Content Negotiation as a topic of Computer Linguistics has undergone a great development in the past years, relapsing again and again. The main difficulties have emphasized to be the human language complexity that comes along with the topic of semiotic (see [semiotic]).
Machine Versus Human Language
Machine language follows a strict syntax with unique semantics, while consistently avoiding pragmatics. Built to help the human society doing structured (and often repetitive) tasks the human interface relies on simple devices like keyboards and screens. If human language would be entered in some program the computer would not understand it. Only commands are understood – and that is what computers were built for. An intellectual (human) discussion with a computer is impossible. Even if it would be able to understand the language (syntax) the semantic and pragmatic problems overweight.
Example Problems
Syntactical Problems
How mani megabites are laft on your hartdrive? This question is filled up with syntax errors. Every human being is able to process and understand the question without being syntactically correct. It would take high effort to make a computer program as much tolerant to find the real words meant.

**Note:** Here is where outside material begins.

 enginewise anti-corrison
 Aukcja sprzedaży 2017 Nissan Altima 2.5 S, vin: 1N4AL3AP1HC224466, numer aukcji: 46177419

Wieviel Platz ist noch auf Deiner Festplatte? Changing the language of the question violates the syntax, though many human being would be able to get the meaning without completely knowing the language. Computers will not.
Semantical Problems
How many megabytes are left on your harddrive? The semantics beyond this question is to output the free disc space in megabytes left on the harddrive. Based on their experience human beings would immediately conclude that this question is referred to limited disc space. So this is the only possibility of the meaning of this question. A computer cannot refer to experiences. If the computer program could somehow understand the question it would have to choose between several scenarios:
- The amount of megabytes does not change when saving data on the harddrive, only the amount of megabytes allocated -> consequently the answer is 100 percent
- What is a megabyte? The computer only knows bits and bytes. Megabytes are a human view on the data.
- How many megabytes are left? -> All, nobody has stolen it
- Megabytes? -> Zero, there are only bytes on my disc
- What is harddrive? The computer only knows nodes and devices.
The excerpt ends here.